Records excerpted from a collection:
====================

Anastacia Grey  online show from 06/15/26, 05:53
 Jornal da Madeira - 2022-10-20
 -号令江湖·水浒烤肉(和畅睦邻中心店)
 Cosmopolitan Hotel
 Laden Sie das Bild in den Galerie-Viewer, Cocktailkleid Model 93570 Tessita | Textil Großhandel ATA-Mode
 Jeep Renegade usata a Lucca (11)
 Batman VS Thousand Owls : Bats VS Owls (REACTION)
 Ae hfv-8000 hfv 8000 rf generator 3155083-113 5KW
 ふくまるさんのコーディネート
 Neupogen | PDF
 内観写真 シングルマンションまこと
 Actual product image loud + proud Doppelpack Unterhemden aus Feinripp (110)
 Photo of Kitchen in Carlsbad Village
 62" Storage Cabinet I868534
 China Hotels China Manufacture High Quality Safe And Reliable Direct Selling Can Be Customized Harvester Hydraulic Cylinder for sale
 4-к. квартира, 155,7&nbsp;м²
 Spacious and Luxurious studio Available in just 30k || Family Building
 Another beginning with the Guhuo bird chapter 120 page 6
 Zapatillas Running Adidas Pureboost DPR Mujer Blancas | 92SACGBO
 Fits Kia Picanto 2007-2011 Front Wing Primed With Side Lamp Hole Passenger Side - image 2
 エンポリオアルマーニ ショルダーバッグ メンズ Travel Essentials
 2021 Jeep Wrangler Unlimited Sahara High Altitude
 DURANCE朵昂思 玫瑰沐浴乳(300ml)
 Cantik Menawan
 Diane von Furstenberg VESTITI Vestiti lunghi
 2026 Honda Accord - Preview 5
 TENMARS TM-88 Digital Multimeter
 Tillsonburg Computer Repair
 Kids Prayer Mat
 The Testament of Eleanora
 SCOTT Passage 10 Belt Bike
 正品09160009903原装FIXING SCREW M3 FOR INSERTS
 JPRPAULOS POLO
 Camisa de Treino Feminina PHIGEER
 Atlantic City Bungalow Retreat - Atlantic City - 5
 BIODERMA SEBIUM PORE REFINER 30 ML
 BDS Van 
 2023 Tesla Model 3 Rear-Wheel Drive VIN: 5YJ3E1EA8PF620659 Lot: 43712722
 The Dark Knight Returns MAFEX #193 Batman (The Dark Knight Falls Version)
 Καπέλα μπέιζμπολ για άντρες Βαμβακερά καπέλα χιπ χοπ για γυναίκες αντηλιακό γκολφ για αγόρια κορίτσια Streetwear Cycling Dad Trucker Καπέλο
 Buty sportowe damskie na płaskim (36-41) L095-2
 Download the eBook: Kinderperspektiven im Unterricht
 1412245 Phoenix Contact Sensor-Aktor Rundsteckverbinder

====================

▸ **TASK TO COMPLETE**
Retype the entries above exactly, but only from the line containing "Diane von Furstenberg VESTITI Vestiti lunghi" through the line containing "2023 Tesla Model", both included.

▸ **TASK RESULT**
 Diane von Furstenberg VESTITI Vestiti lunghi
 2026 Honda Accord - Preview 5
 TENMARS TM-88 Digital Multimeter
 Tillsonburg Computer Repair
 Kids Prayer Mat
 The Testament of Eleanora
 SCOTT Passage 10 Belt Bike
 正品09160009903原装FIXING SCREW M3 FOR INSERTS
 JPRPAULOS POLO
 Camisa de Treino Feminina PHIGEER
 Atlantic City Bungalow Retreat - Atlantic City - 5
 BIODERMA SEBIUM PORE REFINER 30 ML
 BDS Van 
 2023 Tesla Model 3 Rear-Wheel Drive VIN: 5YJ3E1EA8PF620659 Lot: 43712722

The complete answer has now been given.